It includes in mark module 330 that data module 230, which uses, examines content in module 350 and individual mark module 350
It examines and the various modes of mark is that machine learning module 250 collects spam sampled data, such as beg in detail further below
Opinion.In some implementations, data module 230 includes mark module 330, examines module 340 and individual mark module
350.It will be appreciated that: each module may be implemented as individual module, be incorporated into other modules or further be segmented
At multiple modules.Module described herein any one or more of module hardware can be used (for example, the place of machine
Reason device) or the combination of hardware and software realize.It can also be included with other incoherent modules of example embodiment, but not had
Have shown.Below it is associated with Fig. 3 come discuss according to various example embodiments, it is associated with data module 230 further
Details.
Decision-making module 240 is marked content from the reception of categorization module 260, and wherein categorization module 260 is in spam, low
The content is labelled in quality spam or non-spam email classification.Decision-making module 240, which is received, utilizes phase by categorization module 260
The content of associated accuracy score mark.Based on the accuracy score fallen into preset range, decision-making module 240 sends out content
It send to mark module 330, so as to the further examination of the content and mark.In some embodiments, the determination of decision-making module 240 is
The mark of the no content carried out by categorization module 260 be it is problematic (for example, these marks due to the inconsistency that detects and
Potentially wrong).If the mark of the content carried out by categorization module 260 is confirmed as problematic, which is sent out
It send to module 340 is examined, further to be examined by expert reviewers.Standard with higher is filtered by decision-making module 240
Exactness score is noted as spam and low quality spam and is not transmitted to the content for examining module 340.Under
Face is associated with Fig. 3 to be discussed according to various example embodiments, further details associated with decision-making module 240.

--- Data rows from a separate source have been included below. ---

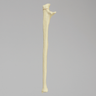 Ulna with Olecranon Fracture for Wire Tension Banding, Foam Cortical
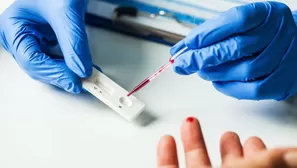 Escucha la explicación del Dr. Elmer Huerta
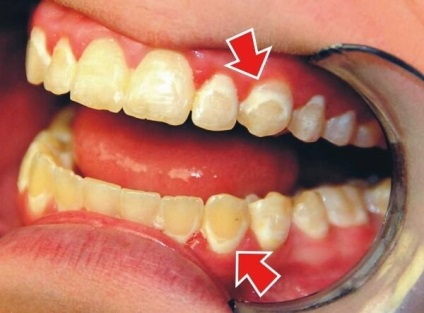 Pete galben pe dinți, cum să eliminați acoperirea galbenă pe dinți, albirea dinților acasă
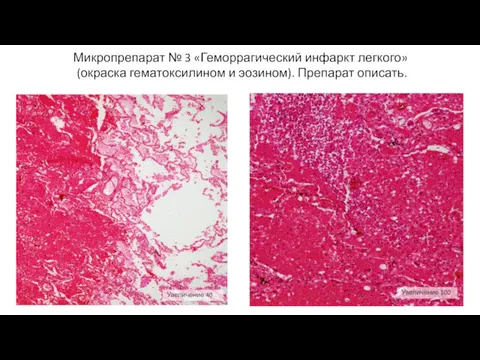 Микропрепарат № 3 «Геморрагический инфаркт легкого» (окраска гематоксилином и эозином). Препарат описать. Увеличение 40 Увеличение 100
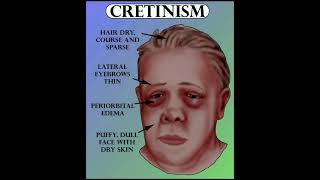 Cretinism disease 11thNEET PCS [upl. by Niveg899]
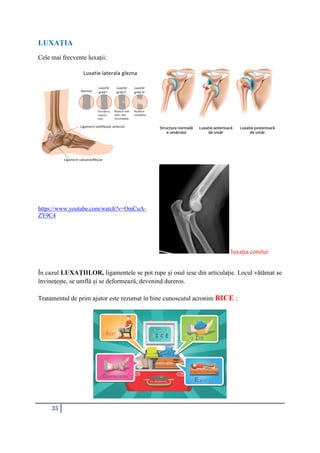 35
LUXAȚIA
Cele mai frecvente luxații:
https://www.youtube.com/watch?v=OmCuA-
ZY9C4
luxația cotului
În cazul LUXAȚIILOR, ligamentele se pot rupe și osul iese din articulație. Locul vătămat se
învinețește, se umflă și se deformează, devenind dureros.
Tratamentul de prim ajutor este rezumat în bine cunoscutul acronim RICE :
 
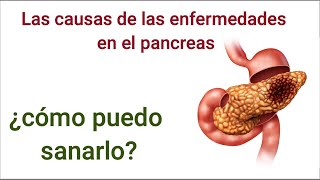 PANCREATITIS CÁLCULOS INSUFICIENCIA PANCREÁTICA DIABETES CÁNCER DE PÁNCREAS FIBROSIS QUÍSTICA [upl. by Araiek]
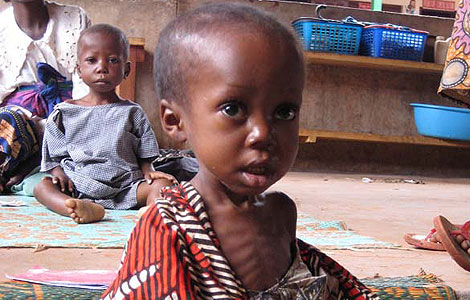 Nios centroafricanos gravemente desnutridos. | Accin contra el Hambre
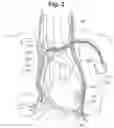 Fig. 03 - System and Method to Modulate Phrenic Nerve to Prevent Sleep Apnea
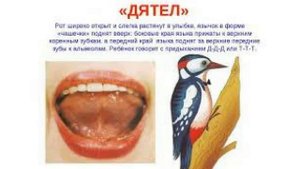 Артикуляционное упражнение Дятел. Упражнение Дятел как сделать правильно_ Детский логопед.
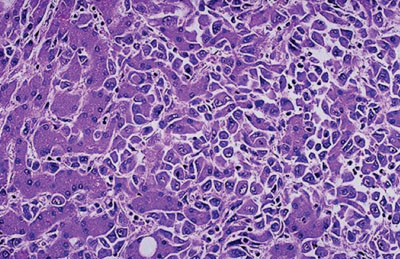图片：肝细胞癌的组织病理图，大多数恶变细胞集中在右边，与大多数在左边的较大的正常肝细胞交织但能清楚分辨（图片蒙犹他大学医学院惠赐）。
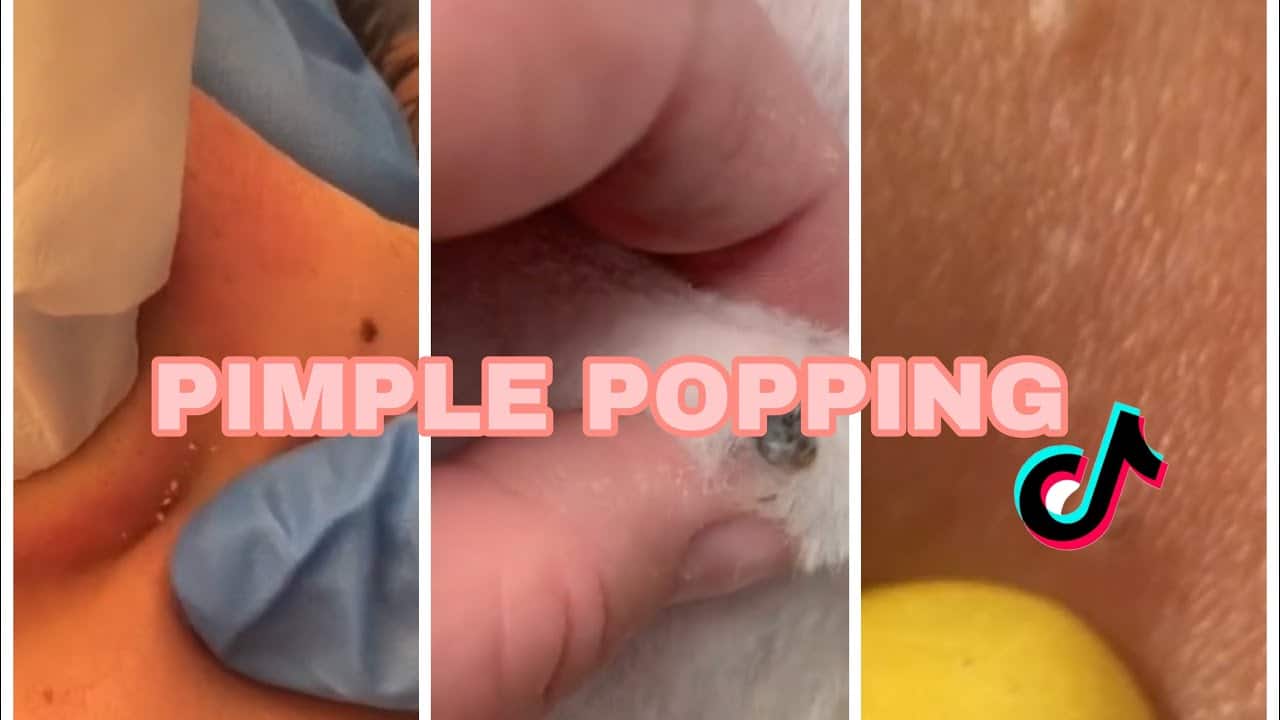 10 MINUTES OF PIMPLE POPPING✨✨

Machine learning module 250 provides function and is marked data from database 380 and data module 230 to access,
To construct candidate family and to test the model.Machine learning module 250 further use F-measure(F measurement), ROC-
Area under AUC(receiver operating characteristic-ROC curve) or accuracy statistical data assess whether the candidate family than current rubbish
Rubbish Spam Filtering Model is more preferable.If candidate family is confirmed as being better carried out than current Spam filtering model,
The system activates candidate family and is applied to Spam filtering as motility model.If candidate family is without preferably
It executes, is then more marked data and be used to further train candidate family.In this way, candidate family is to current rubbish
Rubbish Spam Filtering Model does not influence, until the model becomes more preferable than "current" model in terms of filtering spam mail.In other words
It says, candidate family is still in passive state, and wherein the classifier of passive state does not have any influence to "current" model.If waited
Modeling type is confirmed as more preferable than current Spam filtering model, then candidate family is used, thus by candidate family from
Passive state is changed into active state.The passive state of candidate family allows the better Spam filtering model of the system creation
And the mistake of candidate family is not incurred on the way.Candidate family will be sent to categorization module 260, so as to true in machine learning module
Determine candidate block and is more preferably applied to current spam later than the "current" model run in categorization module 260.Below with
Fig. 4 is associated to discuss according to various example embodiments, further details associated with machine learning module 250.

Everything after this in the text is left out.